Il canale principale attraverso il quale la guerra in Iran impatta l'economia svizzera è quello energetico. Lo Stretto di Hormuz, attraversato quotidianamente da circa 80 petroliere e gasiere che trasportano 15 milioni di barili di petrolio al giorno, rappresenta un collo di bottiglia critico per gli approvvigionamenti globali. Il blocco, di fatto, dello stretto, conseguente ai bombardamenti e alle minacce di chiusura, ha determinato rialzi significativi nei prezzi del greggio, che hanno superato i 100 dollari al barile nella settimana iniziale del conflitto, attestandosi intorno a 89–92 dollari in questi giorni.

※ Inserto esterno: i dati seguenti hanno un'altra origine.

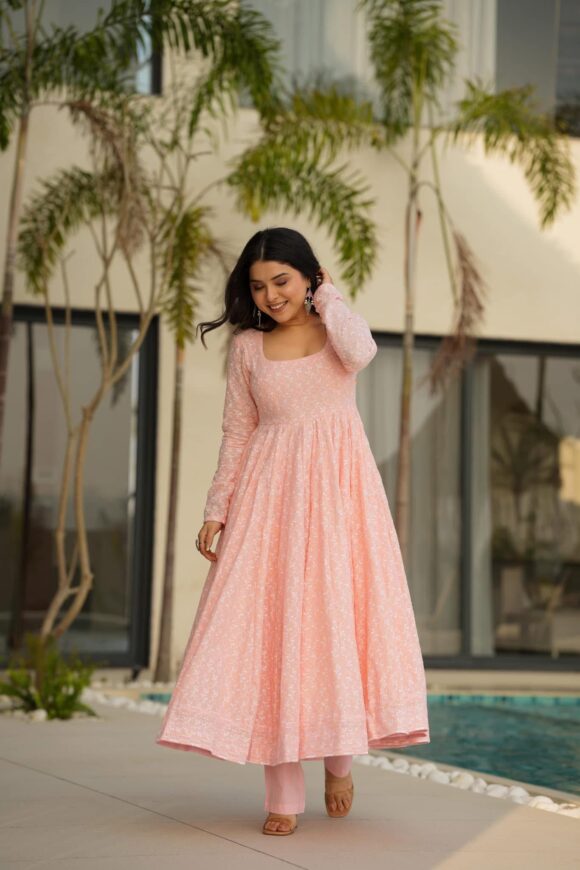 Whispering Pastel cotton suit set - Image 5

L'aumento dei prezzi del petrolio ha effetti a cascata sulla filiera economica, non limitandosi all'energia grezza. Gli analisti sottolineano che ogni aumento di 10 dollari nel prezzo del petrolio si traduce in un rialzo dell'inflazione dello 0,5% a livello globale. In uno scenario intermedio in cui il prezzo del petrolio raggiungesse i 90 dollari al barile, l'inflazione svizzera potrebbe subire una pressione addizionale dello 0,4–0,5%. Gli ultimi dati ufficiali sui prezzi al consumo mostrano che l'inflazione è rimasta estremamente contenuta, rispettivamente a +0,1% annuo, con una diminuzione mensile dello 0,1% a gennaio e un aumento dello 0,6% mensile a febbraio. Tuttavia, questa stabilità riflette principalmente l'assenza, finora, di trasmissione completa degli shock petroliferi sui prezzi domestici e la protezione fornita dal franco forte, e non l'assenza di pressioni inflazionistiche globali. In ogni caso la protezione valutaria è temporanea: se il conflitto dovesse protrarsi a lungo, il franco continuerebbe ad apprezzarsi, ma gli effetti deflazionistici della rivalutazione della valuta potrebbero essere vanificati da pressioni inflazionistiche più ampie provenienti dal caro energia, dai costi di trasporto, d'assicurazione e di logistica. Una situazione che abbiamo conosciuto nel 2022 con la guerra in Ucraina e i colli di bottiglia della catena di fornitura globale sollecitati dalla ripresa post‑Covid.
L'apprezzamento continuo del franco — come mostra un'analisi di Moneypark — favorirebbe un'inversione di tendenza nei tassi di interesse ipotecari, in particolare per le scadenze a lungo termine come i tassi decennali, che potrebbero aumentare. In questo contesto, Federal Reserve e BCE potrebbero essere costrette ad alzare i tassi per contrastare l'inflazione crescente, una mossa che la Banca Nazionale Svizzera potrebbe essere obbligata a seguire a breve distanza. Attualmente la BNS mantiene il tasso guida allo zero dal 20 giugno dello scorso anno e le analisi degli economisti suggeriscono tassi stabili per tutto l'anno. Anche questa previsione, tuttavia, dipende dalla durata del conflitto. E dal presidente degli Stati Uniti Donald Trump.